Top of Given data
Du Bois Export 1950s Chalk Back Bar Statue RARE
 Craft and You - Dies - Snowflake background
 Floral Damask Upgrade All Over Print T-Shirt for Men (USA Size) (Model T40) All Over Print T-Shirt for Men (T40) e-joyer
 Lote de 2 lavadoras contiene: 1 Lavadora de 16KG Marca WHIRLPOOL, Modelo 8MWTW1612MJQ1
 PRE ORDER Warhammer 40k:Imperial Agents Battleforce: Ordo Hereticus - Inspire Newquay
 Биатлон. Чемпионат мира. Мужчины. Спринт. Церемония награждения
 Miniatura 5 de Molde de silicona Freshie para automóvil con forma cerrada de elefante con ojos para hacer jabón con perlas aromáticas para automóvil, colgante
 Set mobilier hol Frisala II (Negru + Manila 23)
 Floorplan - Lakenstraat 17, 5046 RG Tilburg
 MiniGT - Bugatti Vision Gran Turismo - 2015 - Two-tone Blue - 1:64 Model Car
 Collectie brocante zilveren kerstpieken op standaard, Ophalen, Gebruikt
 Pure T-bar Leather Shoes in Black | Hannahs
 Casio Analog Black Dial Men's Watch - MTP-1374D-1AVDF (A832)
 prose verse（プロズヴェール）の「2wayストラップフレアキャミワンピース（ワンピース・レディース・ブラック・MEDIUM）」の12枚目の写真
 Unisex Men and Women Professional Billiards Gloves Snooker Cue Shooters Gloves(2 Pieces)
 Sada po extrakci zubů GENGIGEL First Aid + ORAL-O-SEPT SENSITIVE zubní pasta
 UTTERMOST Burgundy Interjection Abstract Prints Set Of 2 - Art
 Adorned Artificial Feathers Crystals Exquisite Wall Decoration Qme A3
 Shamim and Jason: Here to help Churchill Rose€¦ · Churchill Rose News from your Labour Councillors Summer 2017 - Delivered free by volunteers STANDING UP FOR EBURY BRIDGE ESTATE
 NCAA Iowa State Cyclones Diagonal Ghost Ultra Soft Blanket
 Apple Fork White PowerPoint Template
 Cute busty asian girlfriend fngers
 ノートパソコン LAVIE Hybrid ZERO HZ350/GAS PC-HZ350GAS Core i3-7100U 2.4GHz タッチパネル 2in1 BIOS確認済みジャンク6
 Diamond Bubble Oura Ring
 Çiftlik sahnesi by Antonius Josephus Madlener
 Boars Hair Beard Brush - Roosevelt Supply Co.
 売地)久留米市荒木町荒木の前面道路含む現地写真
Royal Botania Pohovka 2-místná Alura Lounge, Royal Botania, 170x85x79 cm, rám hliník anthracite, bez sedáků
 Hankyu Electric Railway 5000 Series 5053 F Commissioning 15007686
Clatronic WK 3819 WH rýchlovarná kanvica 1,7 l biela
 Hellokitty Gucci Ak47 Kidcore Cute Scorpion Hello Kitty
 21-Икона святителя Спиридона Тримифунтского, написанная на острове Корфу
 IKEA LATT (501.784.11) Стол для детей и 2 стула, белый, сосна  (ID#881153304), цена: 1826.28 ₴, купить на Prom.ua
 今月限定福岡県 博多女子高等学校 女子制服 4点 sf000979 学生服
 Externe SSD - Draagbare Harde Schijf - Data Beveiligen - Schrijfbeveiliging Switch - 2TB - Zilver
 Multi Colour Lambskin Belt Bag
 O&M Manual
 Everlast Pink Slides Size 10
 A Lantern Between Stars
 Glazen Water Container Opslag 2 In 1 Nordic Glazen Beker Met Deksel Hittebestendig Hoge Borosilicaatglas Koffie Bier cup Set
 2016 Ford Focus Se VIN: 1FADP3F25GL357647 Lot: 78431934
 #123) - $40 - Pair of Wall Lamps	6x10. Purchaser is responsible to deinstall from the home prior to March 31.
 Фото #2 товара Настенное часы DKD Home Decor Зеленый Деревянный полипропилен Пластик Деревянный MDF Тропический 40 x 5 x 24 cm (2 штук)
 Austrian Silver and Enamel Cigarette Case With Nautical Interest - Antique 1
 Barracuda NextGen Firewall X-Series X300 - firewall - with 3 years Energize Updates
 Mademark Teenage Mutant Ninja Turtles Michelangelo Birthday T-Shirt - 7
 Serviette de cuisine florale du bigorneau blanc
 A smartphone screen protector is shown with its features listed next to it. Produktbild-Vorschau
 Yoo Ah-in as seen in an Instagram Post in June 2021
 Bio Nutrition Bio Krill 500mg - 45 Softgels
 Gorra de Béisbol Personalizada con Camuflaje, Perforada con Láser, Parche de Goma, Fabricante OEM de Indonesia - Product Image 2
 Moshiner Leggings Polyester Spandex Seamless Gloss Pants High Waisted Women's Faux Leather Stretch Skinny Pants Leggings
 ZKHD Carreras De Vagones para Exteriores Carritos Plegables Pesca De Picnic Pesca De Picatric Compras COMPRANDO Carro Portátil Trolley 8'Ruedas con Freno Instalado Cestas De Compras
Bottom of Given data
- What is required
Reproduce each line of the entries above from the one containing "Barracuda NextGen Firewall" through the last, exactly, and no other line.

- Answer
 Barracuda NextGen Firewall X-Series X300 - firewall - with 3 years Energize Updates
 Mademark Teenage Mutant Ninja Turtles Michelangelo Birthday T-Shirt - 7
 Serviette de cuisine florale du bigorneau blanc
 A smartphone screen protector is shown with its features listed next to it. Produktbild-Vorschau
 Yoo Ah-in as seen in an Instagram Post in June 2021
 Bio Nutrition Bio Krill 500mg - 45 Softgels
 Gorra de Béisbol Personalizada con Camuflaje, Perforada con Láser, Parche de Goma, Fabricante OEM de Indonesia - Product Image 2
 Moshiner Leggings Polyester Spandex Seamless Gloss Pants High Waisted Women's Faux Leather Stretch Skinny Pants Leggings
 ZKHD Carreras De Vagones para Exteriores Carritos Plegables Pesca De Picnic Pesca De Picatric Compras COMPRANDO Carro Portátil Trolley 8'Ruedas con Freno Instalado Cestas De Compras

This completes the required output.